…Ему не только не лучше, а хуже. Он уже совсем не может ходить. Но, когда ему надоедает сидеть, он спустится с кресла или с дивана на пол и сидя поползет. Сначала было это всем как-то жутко видеть; теперь привыкли и уже даже не вздрагивают, когда вдруг, неслышно приблизившись, он оказывается возле кого-нибудь и заглядывает в лицо своими добрыми, усталыми глазами, подняв свою исхудалую бородатую голову. Ужасно только жалко смотреть. Прежде я его не очень любила, теперь чувствую к нему что-то такое и, не умея выразить то, что чувствую, зову его дядей. А он это слово подхватил и зовет меня теткой…
Как хороша Полонская и как жалок он. И, главное, такая молодая, такая красавица — и такая добрая жена и внимательная мать…
Я лучше узнала Полонскую, и меня тронула привязанность этой молодой, цветущей женщины к ее больному мужу. Как же она за ним ухаживает, одевает, моет его, даже моет его ноги, и ласкает и бодрит его, и всегда только говоря ему полушутя: Tu n’as pas de chance, pauvre Jacques! [He везет тебе, бедный Жак!]»
Его редакторская карьера кончилась: с июля Полонский вышел из редакции «Русского слова».

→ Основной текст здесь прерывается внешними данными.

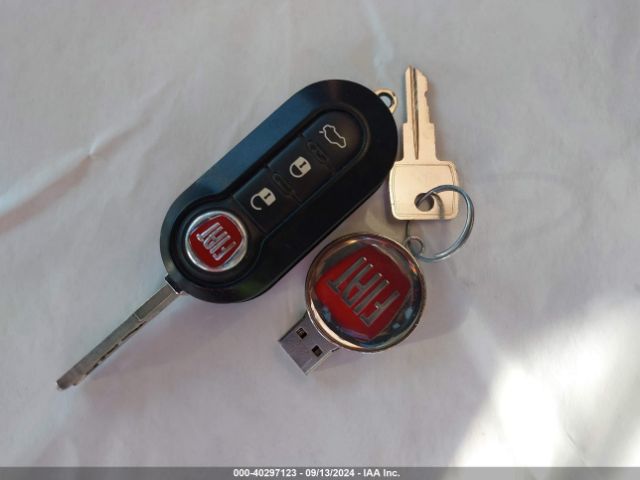 2012 FIAT 500C 3C3CFFER3CT127617 Photo 10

В сентябре он рассказывал Фету в письме: «Граф уехал в Париж — 8 или 9 июля — и перед своим отъездом не согласился на мои условия, при которых я брался издавать журнал. Я хотел или быть независимым редактором в выборе статей и сотрудников, или не быть ничем — и не марать своего имени».
До него дошел, вероятно, слух, что Григорьев не лучшим образом отзывается о нем в разговорах с Кушелевым. Полонский — при мнительности своей — решил, что Григорьев интригует, копает ему яму…
Кушелев, уезжая, оставил самые широкие полномочия Хмельницкому. Тот оказался человеком бесцеремонным и по своему усмотрению выправил очередную статью Григорьева. Григорьев был возмущен до глубины души и отказался от всякого дальнейшего участия в журнале.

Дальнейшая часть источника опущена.